The GFCI protecting the outdoor receptacle(s) can be part of the receptacle, in the panel, or somewhere in between -- the Code simply states that it needs to be protected, and doesn't care about where you put the GFCI. Putting them in the panel can be advantageous in that the wire run between the panel and the receptacle is protected, and that the GFCI is going to be better sheltered in a panel than in a receptacle box.

Don't forget drainage!

One important point with outdoor electrical enclosures (NEMA boxes, junction boxes, panelboard cabinets, and the likes) is that they must be drained -- not only does condensation or any other moisture that gets in need to exit, you need a way for pressure equalization between "inside the box" and "outside the box" to happen to prevent air pressure differences from driving water across the seals, leaving your "weathertight" NEMA 3R not so able to withstand the weather. This is explicitly permitted in the NEC for drain holes not larger than 1/4" by 314.15:

314.15 Damp or Wet Locations. In damp or wet locations, boxes, conduit bodies, and fittings shall be placed or equipped so as to prevent moisture from entering or accumulating within the box, conduit body, or fitting. Boxes, conduit bodies, and fittings installed in wet locations shall be listed for use in wet locations. Approved drainage openings not larger than 6 mm (1/4 in.) shall be permitted to be installed in the field in boxes or conduit bodies listed for use in damp or wet locations. For installation of listed drain fittings, larger openings are permitted to be installed in the field in accordance with manufacturer's instructions.

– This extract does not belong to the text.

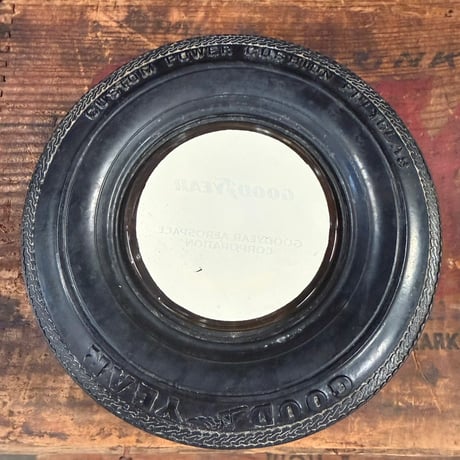 Vintage GOODYEAR 灰皿 22-422-2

As to your schematic and panel selection

There are a few issues with your choices of parts for this project, and I'll address them in turn, starting at the main panel and going downstream.

First off, there just isn't enough volume in a volume marked conduit body (the only ones you can splice in) for what you want to do with that first LB, which is why I suggested an actual box there instead. Of course, if you wish to have the box completely inside, you can use a LB to send the conduit run around the bend and then go into the box.

Second, you'll have to consider fill derates (4-6 current-carrying conductors in a conduit forces an 80% derate on you) when you put the A/C wires in the same run as the feeder. This may force a bump of the feeder hot wires to 1/0 aluminum, which adds to cost and space, as well as re-running the A/C wiring adding to your labor compared to running the new conduit in parallel with the existing run.

Third, that 1.25" PVC is probably not enough of an oversize to be a practical pull over that long stretch (even with conduit bodies to break up the bends), and following the existing run would break the 360deg limit on bends between pull points, in addition to the next-to-last bend being rather too tight (even for 1/2", you need 4" of radius-to-centerline minimum for a legal conduit bend). Using a LB instead of that next-to-last bend would fix both issues with the bend rather nicely. The first two bends in the run can also be replaced with bodies, but you need a LL and a LR for that instead of two LBs due to access issues. As to the conduit size and type? I'd go up to 2" if possible, or 1.5" at a bare minimum, and rigid schedule 40 offers no advantage here over LFMC while requiring more tooling to work with, as well as expansion fittings to keep the run from doing the worm on you.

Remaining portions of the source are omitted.